Midway through Inception I finally realized why the actor playing Eames was familiar–it was Tom Hardy, who I’d seen a few months before in the brutal, brutish and brilliant documentary Bronson. I just didn’t recognize him because he was urbane, dressed and not covered in mud and policemen!
Bronson is the stylized biography of English career criminal and ‘most violent man in England’ Charlie Bronson, who changed his name at an early age when he decided he wanted to be famous (but didn’t know for what).
When I saw the box cover in our Instant Watch queue I thought from it’s Tom Of Finland look that it was a gay documentary of some kind, and wondered if my boyfriend had put it in the queue for me, as he sometimes does.
Man, I was really, really wrong.
Bronson is still a marvelous film–just not the one I thought I was watching.
It’s genius lies in the fact that you realize early on that you are being charmed by a sociopath–what it took the Sopranos almost three seasons to address, Bronson manages to explore in about 2 hours. It shows Bronson the man as a stifled artist, a man with a rich inner life but no tools to express that other than violence. Violence became his art, and we the audience have a duty to remember that no matter how he convinces us to cry, how he charms us or shows us he just wants to be understood, he is still a dangerous animal.
And the engine powering this complex, manipulative machine is actor Tom Hardy.
Many biopics seek to paint a picture of their subjects not quite aligned with reality. They often overplay their sympathy–especially in the case of serial killers or psychopaths–while leaving out the inhuman cruelty such a person visits on their victims. No matter how ugly the portrait of a disturbed artist is, it is still attempting to humanize the subject enough for the audience to empathize with their plight. After all, who wants to sit and have their stomach turned for 2 hours by how revolting a human being can actually be?
Which is where we come back to Tom Hardy. His witty, sometimes funny portrayal of Bronson charms and entertains us, but never lets us forget that we are not to trust him, never to think that he’s ‘safe.’ He has depth, certainly, and there is something heartbreaking in watching someone who might have been a great artist founder on the tides of his own passions–but you must never, ever turn your back on him. Not for a moment.
(BTW, I’m not dissing Hardy’s appearance in Star Trek: Nemesis–it’s just I saw that when it came out, it’s not on Instant that I know of, and as a vehicle for Hardy’s acting talents it wasn’t that engrossing.)

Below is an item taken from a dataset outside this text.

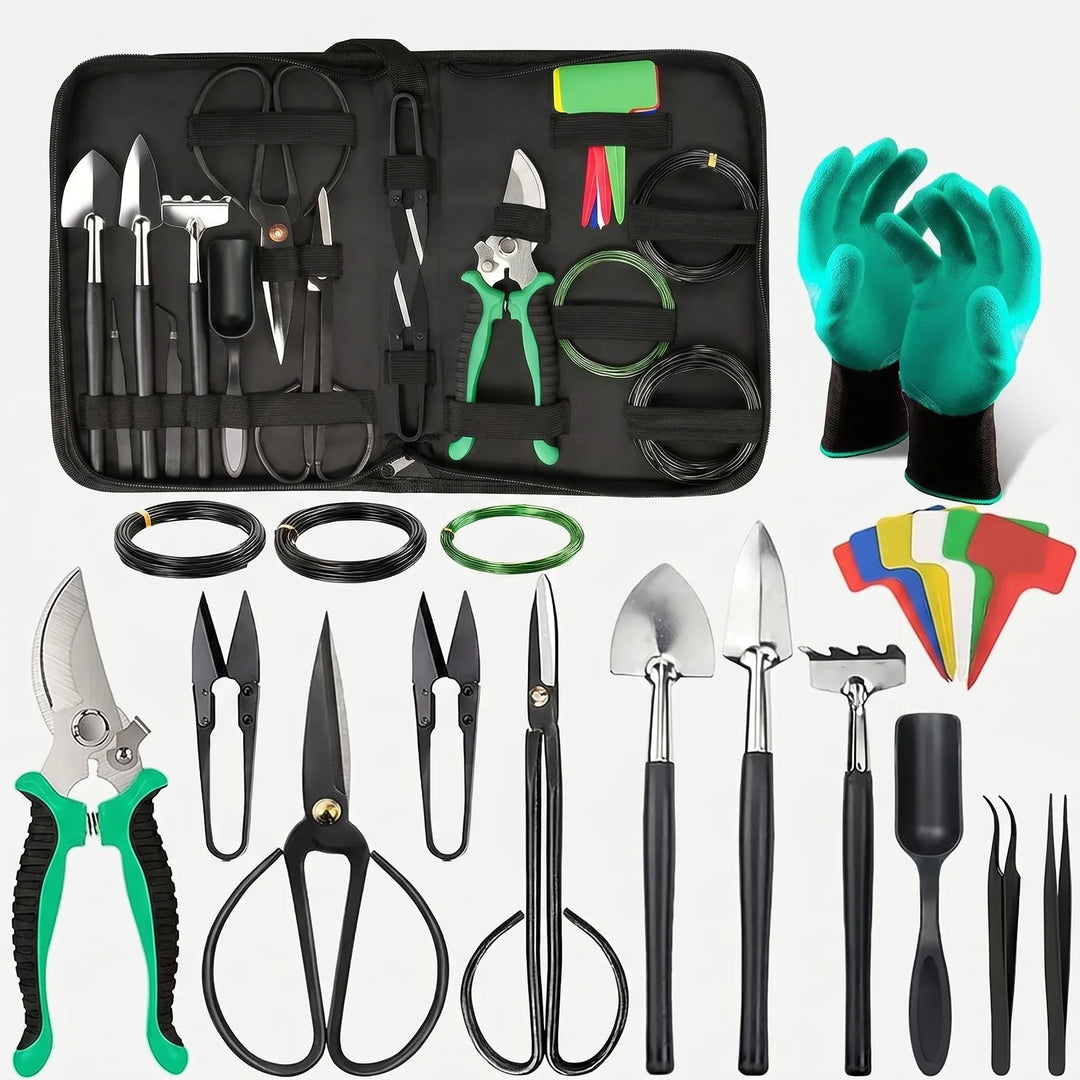 Complete bonsaiset (24 tools) voor elke liefhebber, essentieel voor gedetailleerde plantenverzorging.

Bronson is not a movie for everyone, but now that you’ve read a little about it (and perhaps will watch the trailer) you will appreciate what a marvelous range Tom Hardy has.
I point that out not because I am creepily fangirling him, but because MOST actors have a range they never get to explore, because they are typecast from the start. Although his depiction of Eames was spot-on, it is not the limits of his ability and I hope filmmakers in the future remember that.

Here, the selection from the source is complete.